◆ RECORDS SHOWN
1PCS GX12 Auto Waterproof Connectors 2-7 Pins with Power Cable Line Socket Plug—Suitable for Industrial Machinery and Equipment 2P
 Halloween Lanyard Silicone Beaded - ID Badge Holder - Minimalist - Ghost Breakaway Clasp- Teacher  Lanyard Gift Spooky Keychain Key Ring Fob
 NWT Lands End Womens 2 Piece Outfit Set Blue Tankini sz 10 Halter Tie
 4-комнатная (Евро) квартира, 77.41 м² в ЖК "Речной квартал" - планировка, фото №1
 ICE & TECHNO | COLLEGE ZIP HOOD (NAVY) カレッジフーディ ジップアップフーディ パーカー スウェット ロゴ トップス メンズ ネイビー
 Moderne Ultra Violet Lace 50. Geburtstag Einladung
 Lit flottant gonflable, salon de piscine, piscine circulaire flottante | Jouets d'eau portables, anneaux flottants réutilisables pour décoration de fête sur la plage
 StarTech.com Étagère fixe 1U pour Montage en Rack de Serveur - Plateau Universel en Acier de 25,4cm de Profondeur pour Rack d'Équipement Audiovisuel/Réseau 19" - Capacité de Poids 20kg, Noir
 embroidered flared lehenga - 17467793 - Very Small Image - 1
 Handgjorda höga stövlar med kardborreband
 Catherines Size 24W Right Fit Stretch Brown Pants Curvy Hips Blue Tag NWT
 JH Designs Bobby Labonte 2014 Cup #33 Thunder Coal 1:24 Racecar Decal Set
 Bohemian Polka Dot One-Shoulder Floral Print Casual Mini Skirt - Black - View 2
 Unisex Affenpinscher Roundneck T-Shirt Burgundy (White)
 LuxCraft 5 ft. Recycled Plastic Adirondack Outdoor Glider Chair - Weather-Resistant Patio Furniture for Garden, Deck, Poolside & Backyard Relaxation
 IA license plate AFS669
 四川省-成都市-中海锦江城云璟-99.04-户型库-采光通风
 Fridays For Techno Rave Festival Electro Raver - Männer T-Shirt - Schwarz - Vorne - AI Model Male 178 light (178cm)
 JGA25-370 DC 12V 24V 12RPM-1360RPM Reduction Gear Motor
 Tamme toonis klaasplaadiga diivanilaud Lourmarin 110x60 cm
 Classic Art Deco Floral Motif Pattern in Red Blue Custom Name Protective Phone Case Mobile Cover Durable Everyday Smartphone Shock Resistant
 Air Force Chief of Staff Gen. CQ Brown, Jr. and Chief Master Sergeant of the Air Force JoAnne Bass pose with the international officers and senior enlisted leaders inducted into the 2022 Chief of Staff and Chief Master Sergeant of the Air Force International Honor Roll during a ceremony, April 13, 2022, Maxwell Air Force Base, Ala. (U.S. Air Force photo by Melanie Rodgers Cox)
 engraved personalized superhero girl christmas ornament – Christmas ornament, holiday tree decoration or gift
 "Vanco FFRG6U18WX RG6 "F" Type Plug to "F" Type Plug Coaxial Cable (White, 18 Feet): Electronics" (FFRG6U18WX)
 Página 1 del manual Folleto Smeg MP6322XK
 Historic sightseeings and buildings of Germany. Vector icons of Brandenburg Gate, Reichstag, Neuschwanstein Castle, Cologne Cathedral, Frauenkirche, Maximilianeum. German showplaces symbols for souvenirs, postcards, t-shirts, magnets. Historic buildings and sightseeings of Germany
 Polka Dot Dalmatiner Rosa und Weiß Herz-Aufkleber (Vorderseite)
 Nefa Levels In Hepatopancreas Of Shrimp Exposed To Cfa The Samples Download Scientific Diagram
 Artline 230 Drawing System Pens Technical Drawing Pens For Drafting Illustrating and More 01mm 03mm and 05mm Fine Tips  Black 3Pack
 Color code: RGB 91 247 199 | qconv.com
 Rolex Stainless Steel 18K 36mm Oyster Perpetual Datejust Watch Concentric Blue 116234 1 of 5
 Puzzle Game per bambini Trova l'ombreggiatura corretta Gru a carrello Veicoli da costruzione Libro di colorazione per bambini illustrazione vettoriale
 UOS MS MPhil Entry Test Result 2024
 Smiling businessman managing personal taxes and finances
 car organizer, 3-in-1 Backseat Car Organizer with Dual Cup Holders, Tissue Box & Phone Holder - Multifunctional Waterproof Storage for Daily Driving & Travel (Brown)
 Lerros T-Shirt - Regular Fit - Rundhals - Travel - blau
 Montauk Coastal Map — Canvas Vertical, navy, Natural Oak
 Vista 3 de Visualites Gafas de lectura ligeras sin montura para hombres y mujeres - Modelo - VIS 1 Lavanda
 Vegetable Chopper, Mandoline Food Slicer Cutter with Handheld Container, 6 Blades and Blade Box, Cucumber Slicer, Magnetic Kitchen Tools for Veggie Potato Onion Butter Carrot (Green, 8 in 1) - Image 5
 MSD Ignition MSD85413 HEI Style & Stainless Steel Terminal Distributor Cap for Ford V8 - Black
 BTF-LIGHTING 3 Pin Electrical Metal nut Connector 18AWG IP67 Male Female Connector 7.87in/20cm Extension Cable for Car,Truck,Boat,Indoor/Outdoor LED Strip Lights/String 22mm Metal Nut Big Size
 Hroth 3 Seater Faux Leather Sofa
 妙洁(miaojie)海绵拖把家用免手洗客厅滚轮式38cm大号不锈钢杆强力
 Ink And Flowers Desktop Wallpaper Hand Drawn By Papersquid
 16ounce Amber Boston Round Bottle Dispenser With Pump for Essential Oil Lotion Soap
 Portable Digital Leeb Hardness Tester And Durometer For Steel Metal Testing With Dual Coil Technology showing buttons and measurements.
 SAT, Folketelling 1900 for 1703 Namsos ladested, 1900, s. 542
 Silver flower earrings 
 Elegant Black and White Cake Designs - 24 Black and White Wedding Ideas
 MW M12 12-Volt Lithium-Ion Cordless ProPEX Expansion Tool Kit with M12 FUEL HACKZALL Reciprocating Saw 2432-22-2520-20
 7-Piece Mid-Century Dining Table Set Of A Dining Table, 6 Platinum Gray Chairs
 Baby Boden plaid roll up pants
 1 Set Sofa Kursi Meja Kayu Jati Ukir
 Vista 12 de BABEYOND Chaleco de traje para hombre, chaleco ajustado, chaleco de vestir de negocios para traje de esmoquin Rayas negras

◆ BRIEF
Would you retype the lines above from the one with "Type Plug to" down to the one with "Página 1 del manual Folleto Smeg MP6322XK", word for word, both ends included and no other lines?

◆ OUTPUT OF THE TASK
 "Vanco FFRG6U18WX RG6 "F" Type Plug to "F" Type Plug Coaxial Cable (White, 18 Feet): Electronics" (FFRG6U18WX)
 Página 1 del manual Folleto Smeg MP6322XK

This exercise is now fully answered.